-- Input material --

- - -

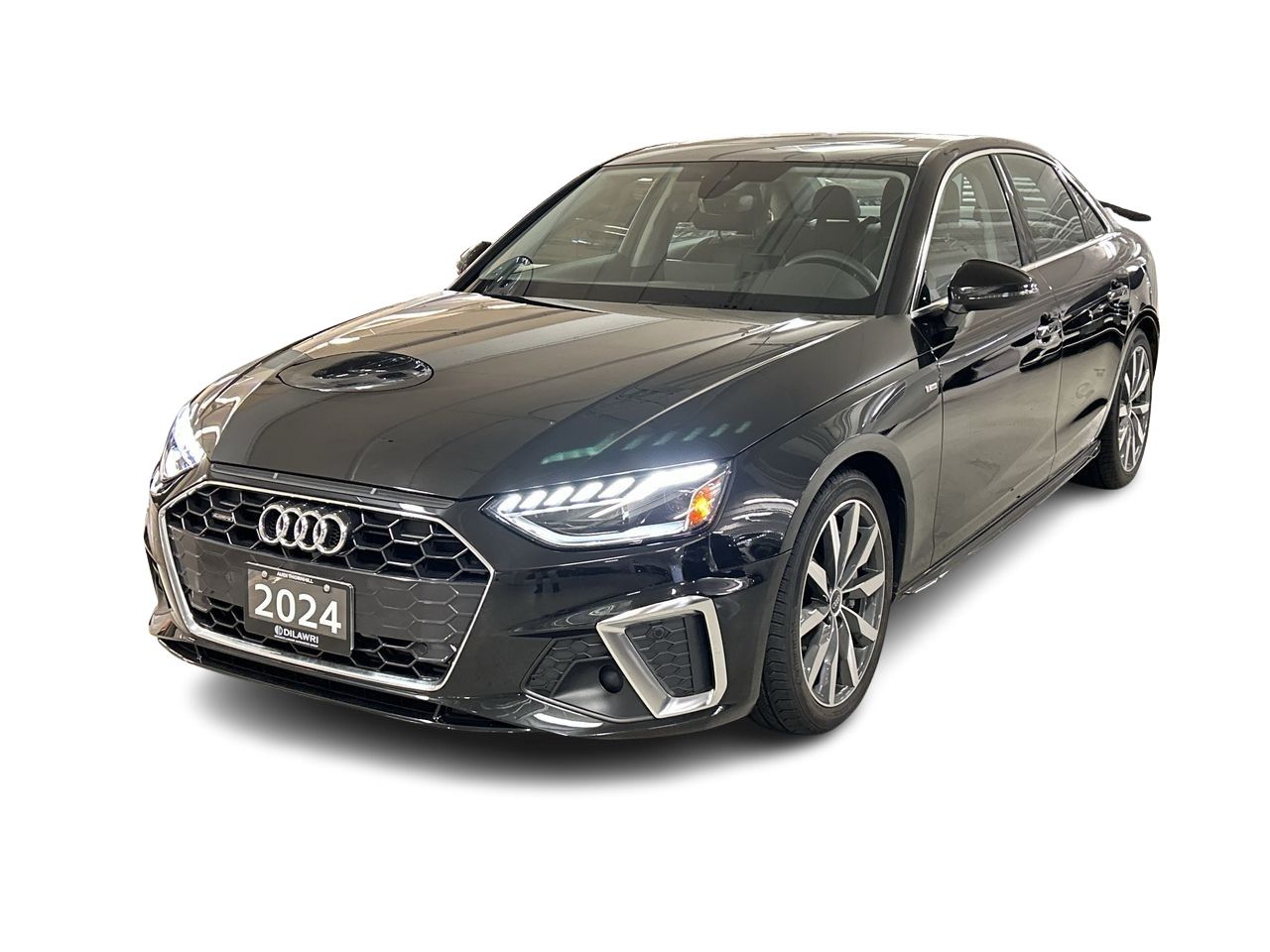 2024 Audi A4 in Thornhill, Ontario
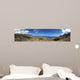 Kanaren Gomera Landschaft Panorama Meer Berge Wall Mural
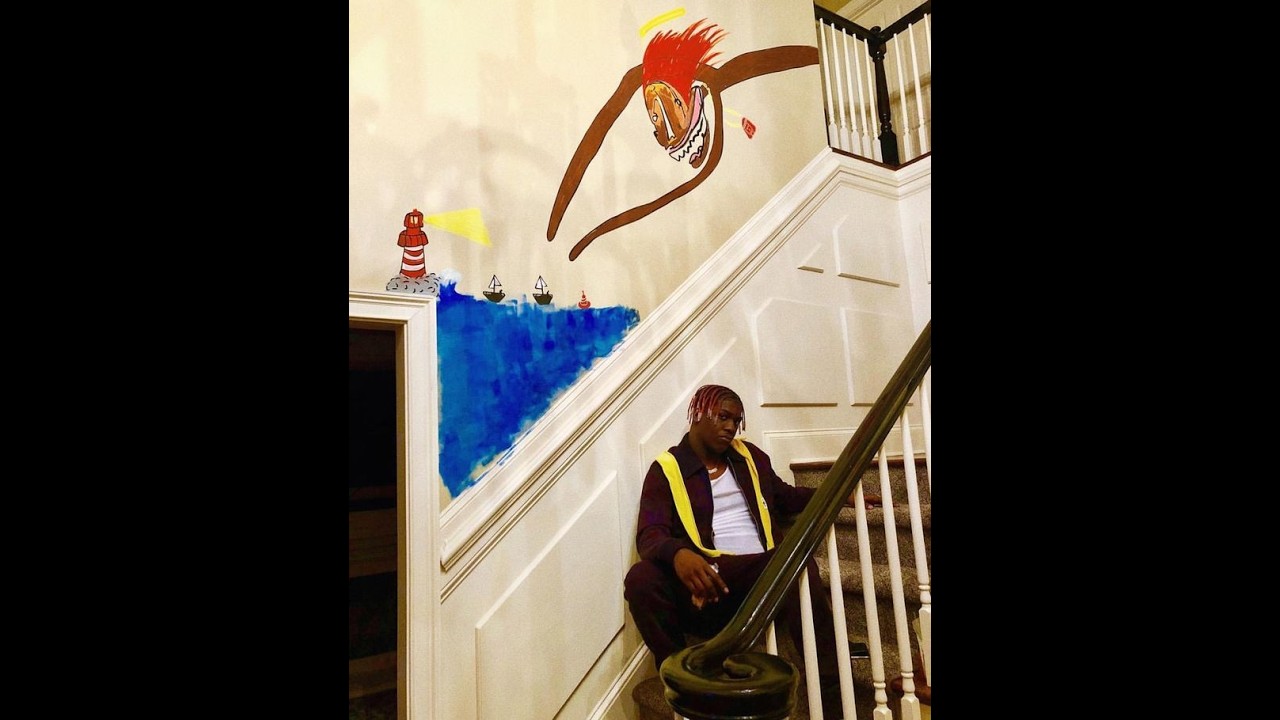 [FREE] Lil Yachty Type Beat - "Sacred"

- - -

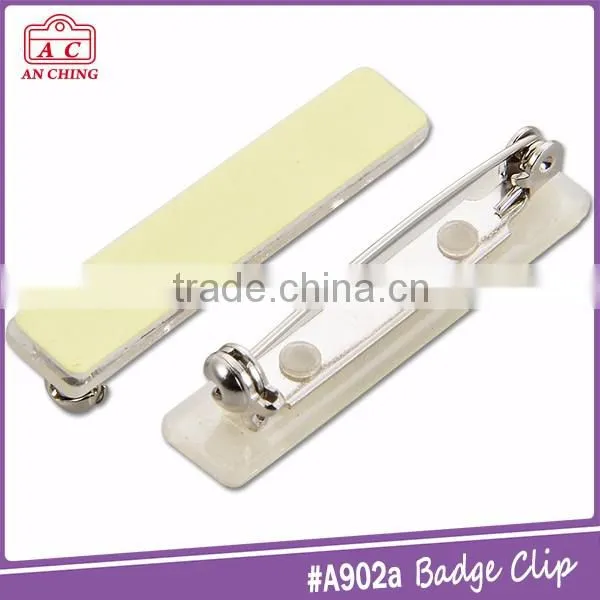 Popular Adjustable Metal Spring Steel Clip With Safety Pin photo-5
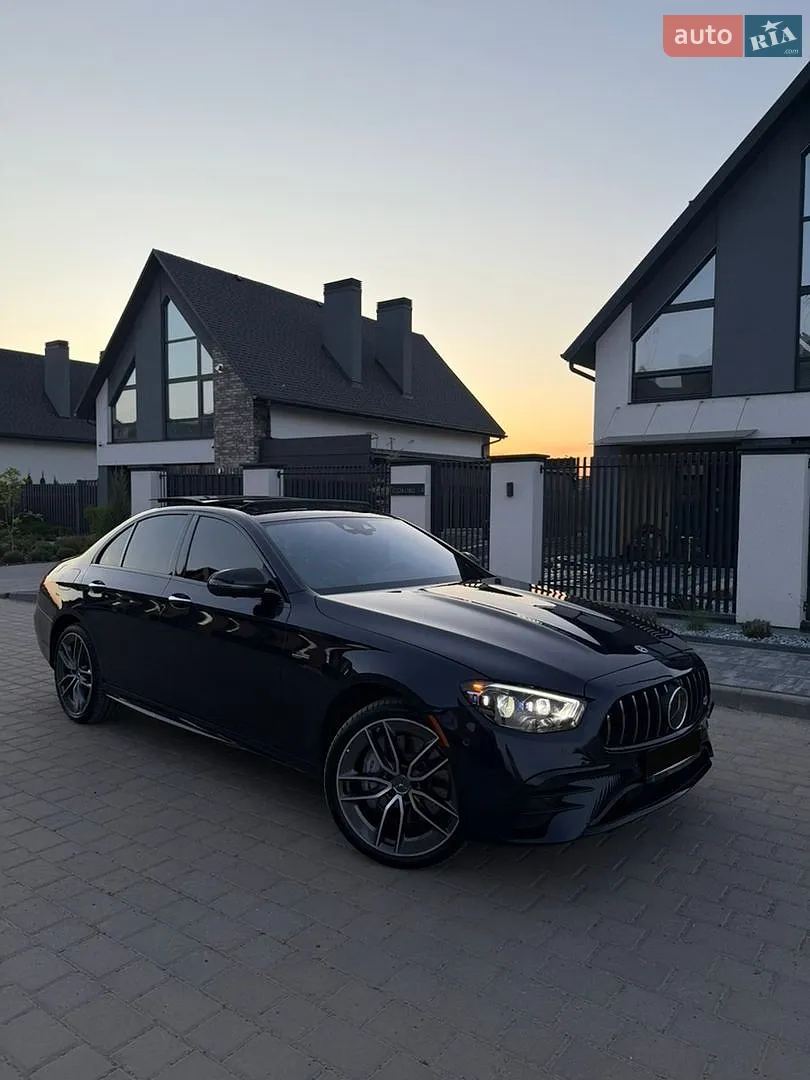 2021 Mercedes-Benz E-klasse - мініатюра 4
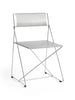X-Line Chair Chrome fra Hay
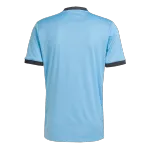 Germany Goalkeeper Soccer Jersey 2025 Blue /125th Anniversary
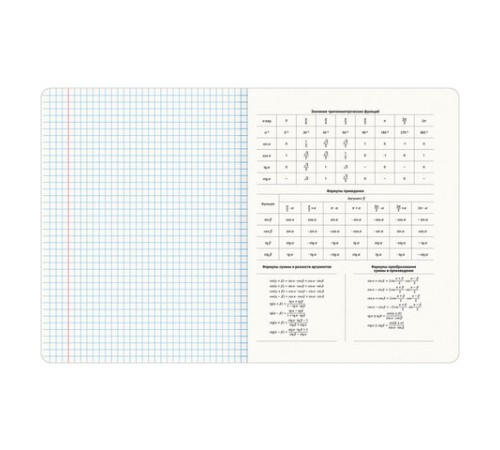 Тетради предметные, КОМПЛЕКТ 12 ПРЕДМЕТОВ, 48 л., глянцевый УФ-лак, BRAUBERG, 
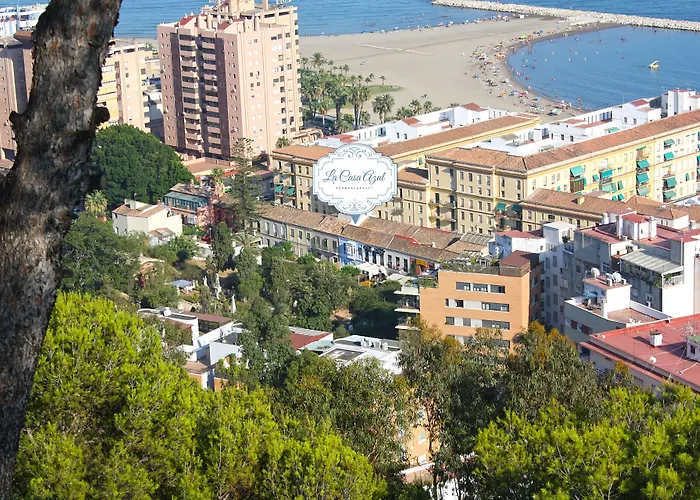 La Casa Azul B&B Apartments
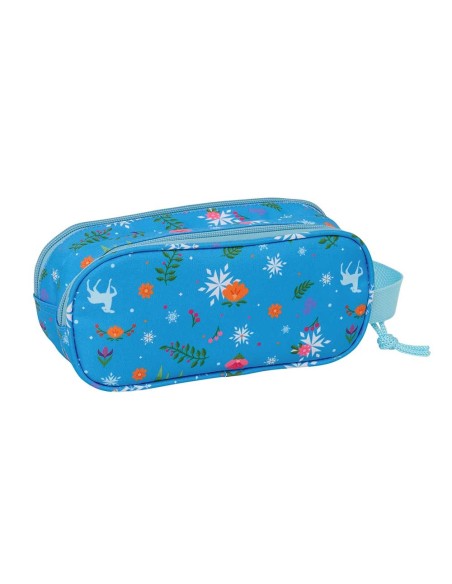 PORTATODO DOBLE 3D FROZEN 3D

- - -

-- Work required --
Find the line with "2024 Audi A4 in Thornhill, Ontario" in the entries above. Set down exactly every line from it up to and including the line with "[FREE] Lil Yachty", images excluded.

-- Written reply --
 2024 Audi A4 in Thornhill, Ontario
 Kanaren Gomera Landschaft Panorama Meer Berge Wall Mural
 [FREE] Lil Yachty Type Beat - "Sacred"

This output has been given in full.